If you’ve been reading my blog, you know I have been brutally honest about my upbringing and my experiences in my family—both current and past. In talking to another friend, she cautioned me to not forget the good stuff in the past. That is an important reminder, and I thank her for that. I did not start this blog with an axe to grind or out of anger. I am saddened by some of the topics I cover, but they are what resonate with me.  I am not trying to play the blame game or point fingers, I am merely trying to write about my experiences. These are the memories and the relationships I have struggled with.

One of those relationships is with my mother. When I was young, I thought my mother was a living saint. Married so young (21) and 7 kids by thirty. With little means, she made the most of it. She gave us each a spark of her personality. She taught us how to have a big heart and she loved us all the best she could. I was hesitant to show her my blog because I thought it may offend her. However, I did not want to do this behind her back. Around my birthday, she stopped by to drop off a cake for me. We visited for a while, and then I asked her to sit and read the blog. I was so nervous  I went for a run while she perused each entry. When I got back, I was relieved (and surprised) that she loved it. I asked her how she felt about the entries where she may have looked bad. She exclaimed, “Well, it’s all true. How could I be mad?” What a great moment for mother and son. Permission to tell the truth. I recently came across a quote that speaks to this very theme: “The truth hurts for a little while, but a lie hurts forever.” This blog is my truth.

My father also did his best. He lived during a difficult time for men to be alive— they were taught not to show their emotions.

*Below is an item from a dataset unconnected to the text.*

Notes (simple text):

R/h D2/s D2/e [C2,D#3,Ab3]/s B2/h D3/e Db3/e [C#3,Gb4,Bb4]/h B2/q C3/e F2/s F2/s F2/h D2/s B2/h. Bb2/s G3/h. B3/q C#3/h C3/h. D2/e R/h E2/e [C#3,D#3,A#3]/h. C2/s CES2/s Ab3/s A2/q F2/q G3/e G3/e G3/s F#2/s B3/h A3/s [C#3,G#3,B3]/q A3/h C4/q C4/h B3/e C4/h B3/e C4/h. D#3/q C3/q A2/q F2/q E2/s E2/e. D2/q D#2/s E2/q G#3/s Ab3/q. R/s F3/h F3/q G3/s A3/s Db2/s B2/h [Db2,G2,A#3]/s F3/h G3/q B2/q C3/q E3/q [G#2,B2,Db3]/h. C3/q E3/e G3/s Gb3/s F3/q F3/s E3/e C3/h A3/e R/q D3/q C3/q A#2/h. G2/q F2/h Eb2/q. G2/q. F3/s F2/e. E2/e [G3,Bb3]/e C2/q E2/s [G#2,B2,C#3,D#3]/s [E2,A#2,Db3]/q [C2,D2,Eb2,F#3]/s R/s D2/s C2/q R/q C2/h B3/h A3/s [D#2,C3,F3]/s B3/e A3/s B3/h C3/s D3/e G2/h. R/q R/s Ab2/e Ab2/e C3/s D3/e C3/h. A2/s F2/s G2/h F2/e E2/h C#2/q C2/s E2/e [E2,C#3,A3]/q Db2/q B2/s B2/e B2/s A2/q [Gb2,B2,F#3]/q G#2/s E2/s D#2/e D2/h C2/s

My dad was a boy during The Great Depression; he never went to college, yet he was very smart; he never made it passed middle management in the insurance business. He was a staunch Catholic with a strong moral code. He had some bad breaks in his life, like a heart-attack at age 44, and he never truly found peace on this Earth. My father has been deceased for more than a decade and a half. There is some guilt in me for writing about him when he no longer has a voice. I feel bad that he is not here to speak with me about these words I write, but sadly, I think if he was here, and he read what I wrote, he would not speak to me. Perhaps it would be different. Perhaps.

These are my parents, and they are flawed—as we all are. And it is through their flaws that my identity was formed, and that of my six brothers and sisters. And I cannot stop what I have started. I believe in the power of writing and its ability to bring us to a greater understanding. If I ever come across as whiny or petulant, please call me out on it. And please understand that the writing you find on these pages has been developing in my mind for years, decades even. I do not write about the past without having given it much consideration and deliberation.

Finally, some thoughts from the teacher in me. When I talk to my high school students about writing, I inform them that the word essay means an attempt; to try. These essays I write are my attempts. Like all attempts, some will be more successful than others.  Which brings me to my second teacher point. When I discuss the art of argument with students, I explain to them the old adage “Everything’s an argument.”  I tell them that what we are trying to do when arguing is “enter the conversation.” My blog is my attempt to enter the conversation. I have something to say, and I am glad I am finding a way to say it. I have started a conversation and I would love it if you would join me.

What do you have to say? Tell me your thoughts. Let me know what topics you would like me to cover more. If you blog, what scares you about writing? Please let me know what you are thinking. It matters.